Starring Gennifer Flowers as the “heavy” of the piece, The Hallelujah Girls are as determined to hang onto their little gathering place as Miss Flowers’ character is to take it away from them. The tug of war between the two factions forms the crux of the drama with a lot of laughs sandwiched in. The one-liners fly like . . . well, flies . . . as the women good-naturedly try to out-do each other in the yuks department. As in the following samples . . .
“Going bra-less at our age pulls the wrinkles out of our faces.”
“I’m learning to speak Spanish at Home Depot. What could be more American than that?”
“If someone tells me to ‘haul ass’ I’ll have to make three trips.”
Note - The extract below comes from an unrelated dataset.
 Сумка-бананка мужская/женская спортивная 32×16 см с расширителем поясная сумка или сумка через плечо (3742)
“She brings a lot of joy when she leaves the room.”
. . . and on and on it goes.
OK, you’ve waited long enough for the plot, so here goes.
Mavis (Sandy Bravender), Carlene (Claire Conti), Nita (Anita Lyles), Crystal (Carol Woltering) and Sugar Lee (Karen Hebert) are gathered at the funeral of a friend in fictitious Eden Falls, Georgia, musing over their lives and affirming their determination to live out the rest of those now-middle-aged lives to the fullest, despite the obstacles they face. Mavis has to deal with her schmuck of a husband. Nita has to deal with her juvenile delinquent son. Carlene has to deal with the guilt of burying three husbands. Crystal has to deal with her own giddy, dotty self, dressing up in appropriate costumes for the holidays of the year (including the Chinese New Year, dressed up like a Madame Butterfly Japanese geisha?!) and twisting the lyrics of popular songs to fit the occasions.
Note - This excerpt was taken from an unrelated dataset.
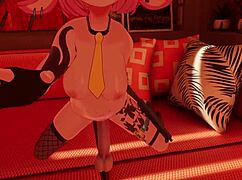 What if your favorite VTuber El Xox fucked herself silly with a dildo?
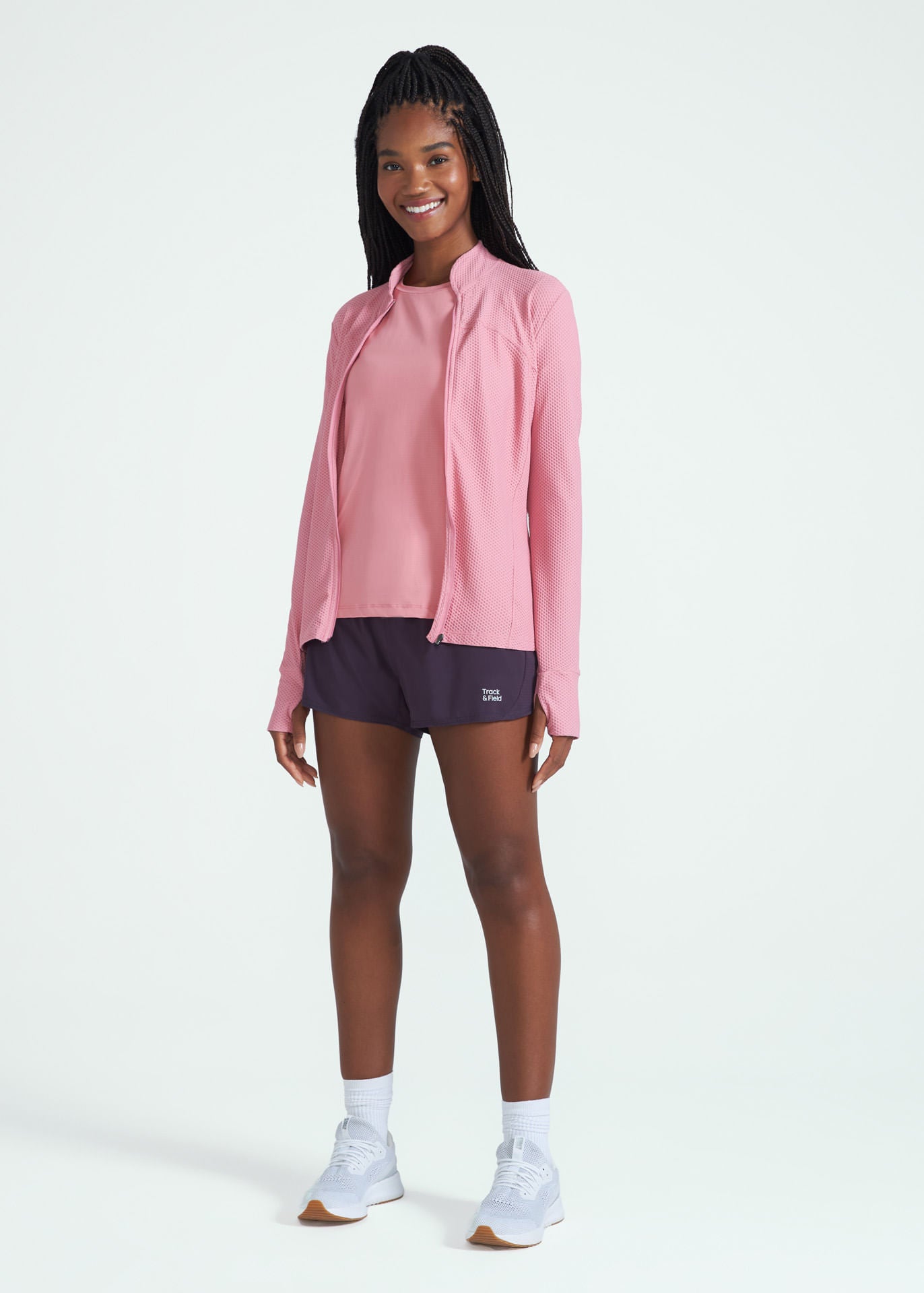 Short Run Laser pour femme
And Sugar Lee . . . poor sweet old Sugar Lee . . . she has yet to bury an incident from thirty years earlier that cost her the only one she ever loved. Until the other party to that “incident,” Bobby Dwayne (Terrell Robinson) unexpectedly waltzes back into her life and forces her to confront and reevaluate her own values and judgments. The other token male is the deliverer of the mail: Porter (Leo Babin) who is wildly in love with Carlene and eager to be the next husband to die until, that is, his mother pulls the plug on his fantasy.
At the funeral Sugar Lee informs the others that she has just bought the church where the funeral service was held and is turning it into a day spa. Suddenly the stark and dark interior of the structure is transformed into a bright and cheerful Garden of Eden (forgive the pun). The other women now have a place to congregate and kvetch and they take fullest advantage of it.
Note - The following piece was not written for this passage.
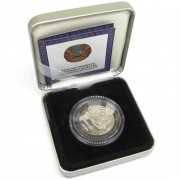 Казахстан 2011 500 тенге Первый космонавт Гагарин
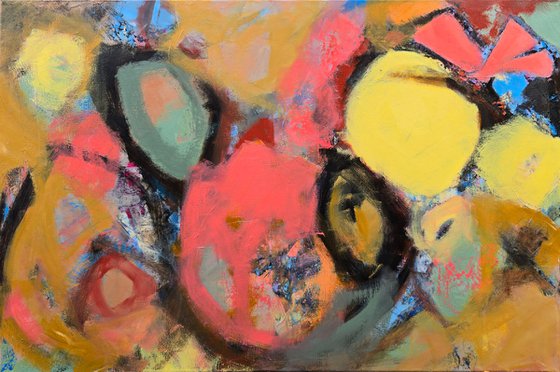 Light in Late Afternoon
But then along comes the spoiler: the butterfly stomper determined to stomp on their dreams. It comes in the person of the fashionably dressed, always prim and proper Bunny Sutherland (Miss Flowers), scion-ess (rhymes with lioness) of one of the town’s first families. She wants the building for a family museum to go with all the other structures and places in Eden Falls bearing the family name. It’s a pure ego thing with her and possibly payback for being left out of the chirpy little clique, and she will stop at nothing in pursuit of her objective.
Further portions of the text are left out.